* Exercise objective
What is needed is an exact copy of the lines in the listing below, from the one with "成約済の愛知県のフレンチブルドッグ-63622の24枚目" up to and including the one with "دجاج وديوك رومي", with no other lines.

* Data under study

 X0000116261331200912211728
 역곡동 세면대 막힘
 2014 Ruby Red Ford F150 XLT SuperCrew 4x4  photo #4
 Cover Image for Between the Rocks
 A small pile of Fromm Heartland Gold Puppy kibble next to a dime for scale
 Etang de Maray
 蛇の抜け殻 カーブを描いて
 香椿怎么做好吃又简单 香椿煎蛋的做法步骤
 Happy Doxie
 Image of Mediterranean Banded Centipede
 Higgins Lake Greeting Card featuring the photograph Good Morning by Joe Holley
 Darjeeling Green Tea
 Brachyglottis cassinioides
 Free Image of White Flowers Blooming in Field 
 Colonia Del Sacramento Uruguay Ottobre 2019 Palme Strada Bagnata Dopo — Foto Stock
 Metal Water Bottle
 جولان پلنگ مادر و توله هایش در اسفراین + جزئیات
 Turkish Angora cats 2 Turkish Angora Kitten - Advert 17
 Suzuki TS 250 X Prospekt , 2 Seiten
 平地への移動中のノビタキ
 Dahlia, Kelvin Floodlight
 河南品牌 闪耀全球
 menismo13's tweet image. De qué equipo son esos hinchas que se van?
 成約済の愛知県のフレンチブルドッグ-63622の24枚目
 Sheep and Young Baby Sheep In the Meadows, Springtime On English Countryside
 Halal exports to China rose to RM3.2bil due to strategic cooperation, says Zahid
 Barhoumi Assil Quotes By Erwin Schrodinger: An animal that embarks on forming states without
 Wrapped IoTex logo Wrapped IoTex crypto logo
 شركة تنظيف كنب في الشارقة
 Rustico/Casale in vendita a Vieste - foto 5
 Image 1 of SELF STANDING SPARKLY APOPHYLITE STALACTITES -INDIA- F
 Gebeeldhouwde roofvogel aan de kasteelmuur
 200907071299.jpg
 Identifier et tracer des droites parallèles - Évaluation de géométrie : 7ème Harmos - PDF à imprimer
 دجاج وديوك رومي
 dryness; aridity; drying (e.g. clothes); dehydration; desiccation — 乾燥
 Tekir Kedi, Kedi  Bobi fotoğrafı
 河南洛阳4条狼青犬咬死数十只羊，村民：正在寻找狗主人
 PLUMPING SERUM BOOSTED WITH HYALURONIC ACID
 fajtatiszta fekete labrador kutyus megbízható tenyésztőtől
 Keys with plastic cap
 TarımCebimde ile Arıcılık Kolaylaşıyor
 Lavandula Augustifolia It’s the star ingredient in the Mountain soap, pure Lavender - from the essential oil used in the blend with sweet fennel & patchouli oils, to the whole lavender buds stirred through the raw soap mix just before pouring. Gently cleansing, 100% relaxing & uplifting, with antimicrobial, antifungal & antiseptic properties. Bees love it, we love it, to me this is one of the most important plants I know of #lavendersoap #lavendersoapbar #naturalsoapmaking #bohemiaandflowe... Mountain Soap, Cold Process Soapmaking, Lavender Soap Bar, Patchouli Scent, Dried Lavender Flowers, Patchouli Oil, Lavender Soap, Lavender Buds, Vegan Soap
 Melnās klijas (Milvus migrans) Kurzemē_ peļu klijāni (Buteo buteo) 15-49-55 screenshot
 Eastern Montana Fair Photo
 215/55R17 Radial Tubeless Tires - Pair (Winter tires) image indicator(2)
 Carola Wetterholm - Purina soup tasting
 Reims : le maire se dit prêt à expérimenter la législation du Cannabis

* Written solution
 成約済の愛知県のフレンチブルドッグ-63622の24枚目
 Sheep and Young Baby Sheep In the Meadows, Springtime On English Countryside
 Halal exports to China rose to RM3.2bil due to strategic cooperation, says Zahid
 Barhoumi Assil Quotes By Erwin Schrodinger: An animal that embarks on forming states without
 Wrapped IoTex logo Wrapped IoTex crypto logo
 شركة تنظيف كنب في الشارقة
 Rustico/Casale in vendita a Vieste - foto 5
 Image 1 of SELF STANDING SPARKLY APOPHYLITE STALACTITES -INDIA- F
 Gebeeldhouwde roofvogel aan de kasteelmuur
 200907071299.jpg
 Identifier et tracer des droites parallèles - Évaluation de géométrie : 7ème Harmos - PDF à imprimer
 دجاج وديوك رومي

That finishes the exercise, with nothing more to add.